Saturday, August 20, 2016

Gluten Free Peanut Butter and Banana Crepe Stack

Great breakfast I found on Allrecipes

  • 3/4 cup almond milk
  • 1/4 cup Egg Beaters(R) Original
  • 1 tablespoon margarine
  • 1/2 cup gluten-free all-purpose flour (with rice flour)
  • 1 tablespoon granulated sugar
  • 1 dash salt
  • PAM(R) Original No-Stick Cooking Spray
  • 2 tablespoons chocolate-flavored hazelnut spread
  • 3 medium bananas, peeled, thinly sliced
  1. Place milk, Egg Beaters, Fleischmann's, flour, sugar and salt in blender container. Blend until smooth to make crepe batter.

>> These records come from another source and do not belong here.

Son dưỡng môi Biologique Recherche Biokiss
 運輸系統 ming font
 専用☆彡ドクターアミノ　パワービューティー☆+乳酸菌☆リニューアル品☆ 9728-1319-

  2. Spray 10-inch nonstick skillet generously with cooking spray. Heat over medium heat. Pour about 1/4 cup batter in skillet; immediately tilt skillet to evenly cover bottom of skillet with batter. Cook 2 to 3 minutes on each side or until lightly browned, turning once. Remove crepe from skillet and place on flat work surface. Repeat with remaining batter to make 4 additional crepes.

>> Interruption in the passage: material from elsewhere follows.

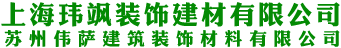 鋼格板廠家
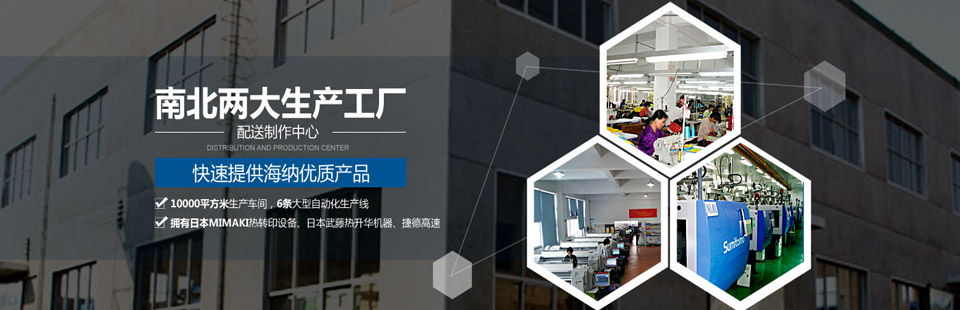 南北兩大生產(chǎn)工廠(chǎng)及配送制作中心，快速提供海納優(yōu)質(zhì)產(chǎn)品！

  3. Meanwhile, spread warm crepe with 1/3 of the peanut butter. Place peanut butter-side up on large plate. Top with 1/4 of the banana slices. Spread second crepe with 1 tablespoon hazelnut spread; place spread-side up on top of bananas. Top with another 1/4 of banana slices. Repeat layers with 2 more crepes, another 1/3 of the peanut butter and remaining hazelnut spread and bananas. Spread remaining 1/3 of the peanut butter on the last crepe and place peanut butter-side down on top.
  4. Cut into 6 slices with serrated knife.